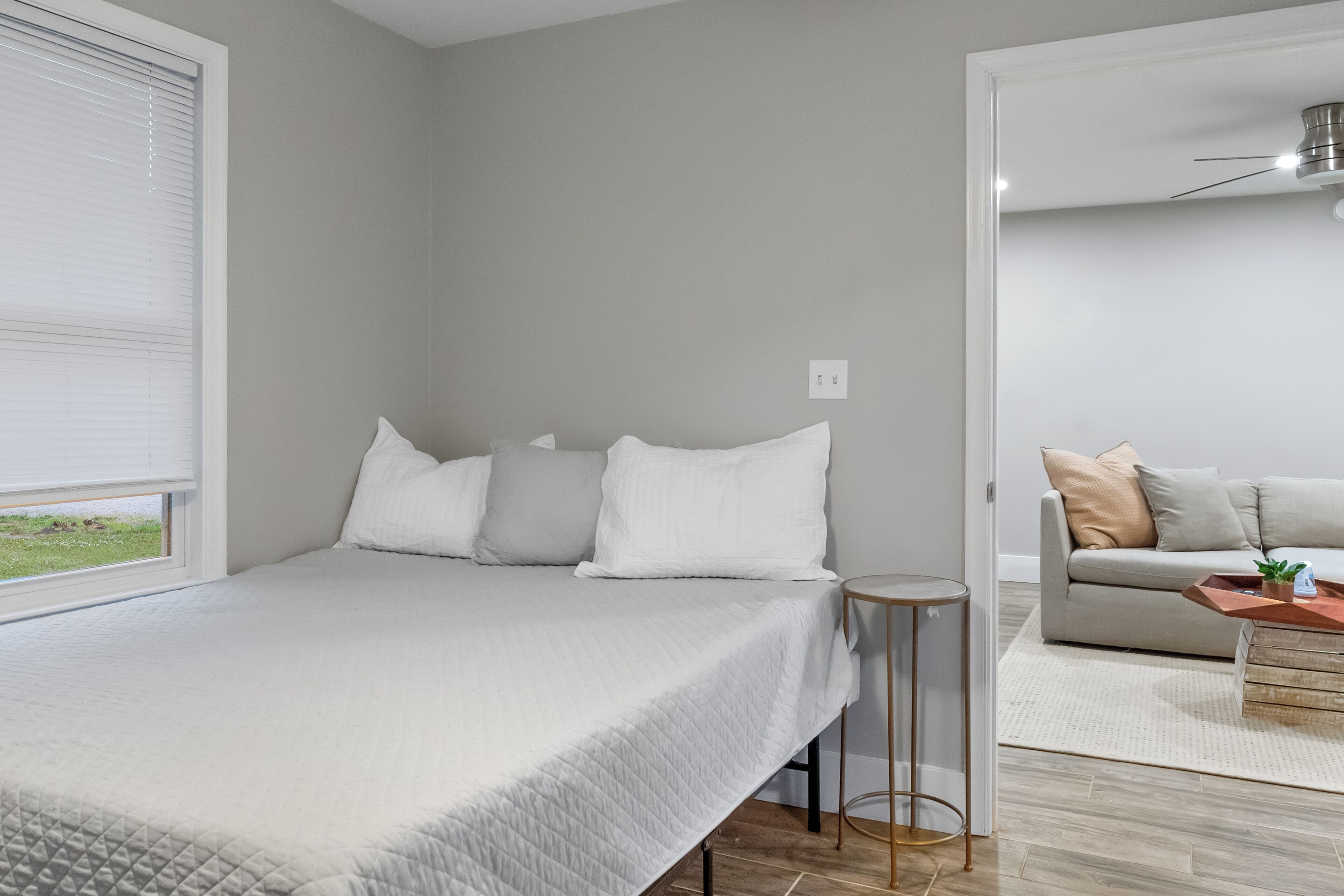 A bedroom with a bed, a bedside table, and a view of a living area with a sofa and a coffee table.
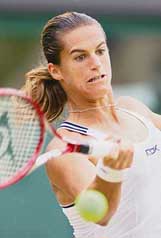 Amelie Mauresmo of France plays a shot against Belgium�s Justine Henin-Hardenne in the women�s singles final at Wimbledon on Saturday. 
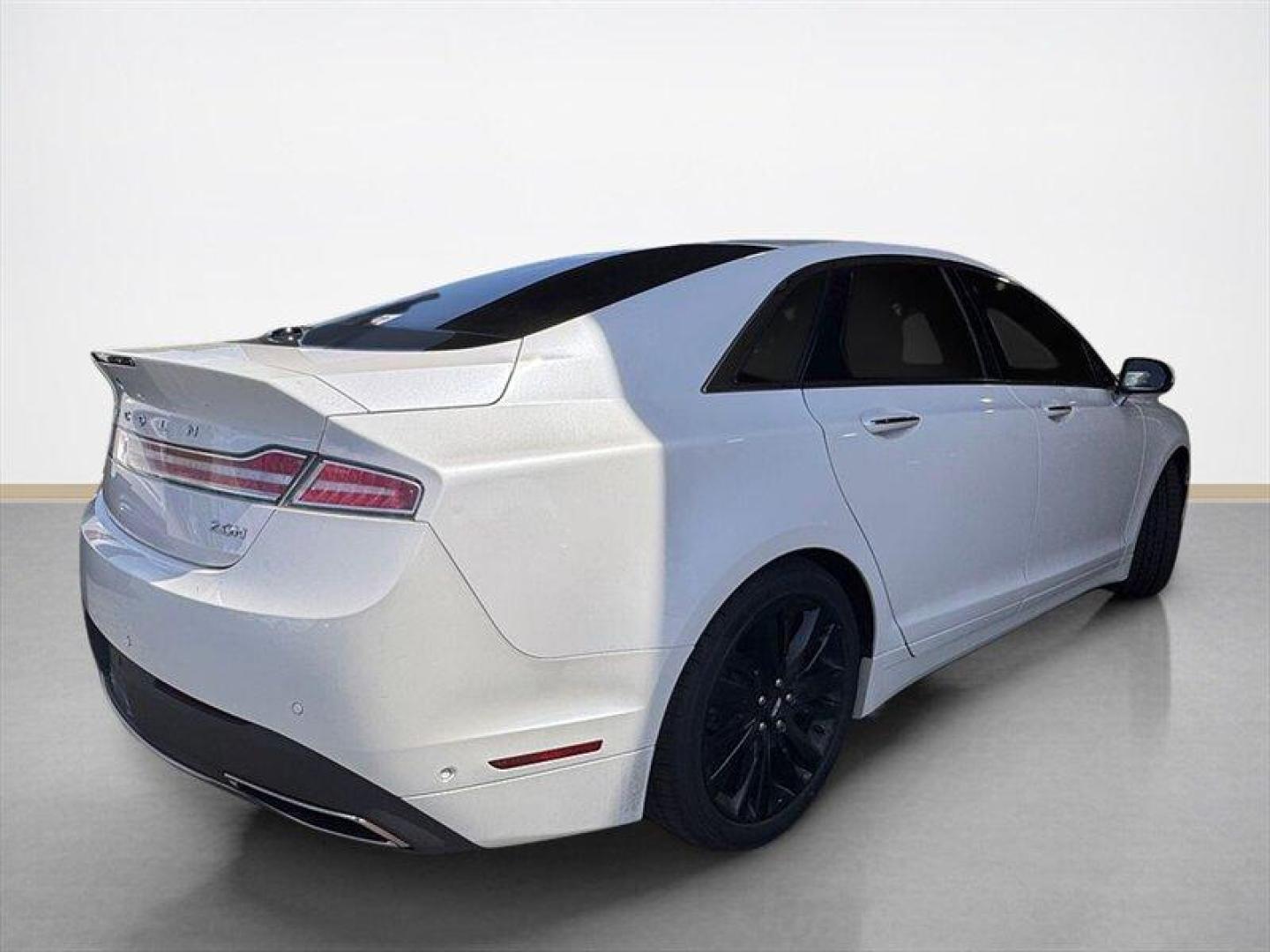 2019 White Platinum Tri-Coat Lincoln MKZ Hybrid Hybrid Reserve (3LN6L5MU2KR) with an 2.0 engine, Automatic transmission, located at 25355 Eames Street, Channahon, IL, 60410, (815) 467-1807, 41.429108, -88.228432 - Introducing the sophisticated and eco-friendly 2019 Lincoln MKZ Hybrid Reserve II. Equipped with a powerful 2.0-liter engine, this luxury sedan offers a seamless blend of performance and efficiency. The factory default features of the Lincoln MKZ Hybrid Reserve II are designed to elevate your drivi - Photo#2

• Exercise requirements: Except for the pictures, give all the material above again verbatim.

• Response to the task:
 A bedroom with a bed, a bedside table, and a view of a living area with a sofa and a coffee table.
 Amelie Mauresmo of France plays a shot against Belgium�s Justine Henin-Hardenne in the women�s singles final at Wimbledon on Saturday. 
 2019 White Platinum Tri-Coat Lincoln MKZ Hybrid Hybrid Reserve (3LN6L5MU2KR) with an 2.0 engine, Automatic transmission, located at 25355 Eames Street, Channahon, IL, 60410, (815) 467-1807, 41.429108, -88.228432 - Introducing the sophisticated and eco-friendly 2019 Lincoln MKZ Hybrid Reserve II. Equipped with a powerful 2.0-liter engine, this luxury sedan offers a seamless blend of performance and efficiency. The factory default features of the Lincoln MKZ Hybrid Reserve II are designed to elevate your drivi - Photo#2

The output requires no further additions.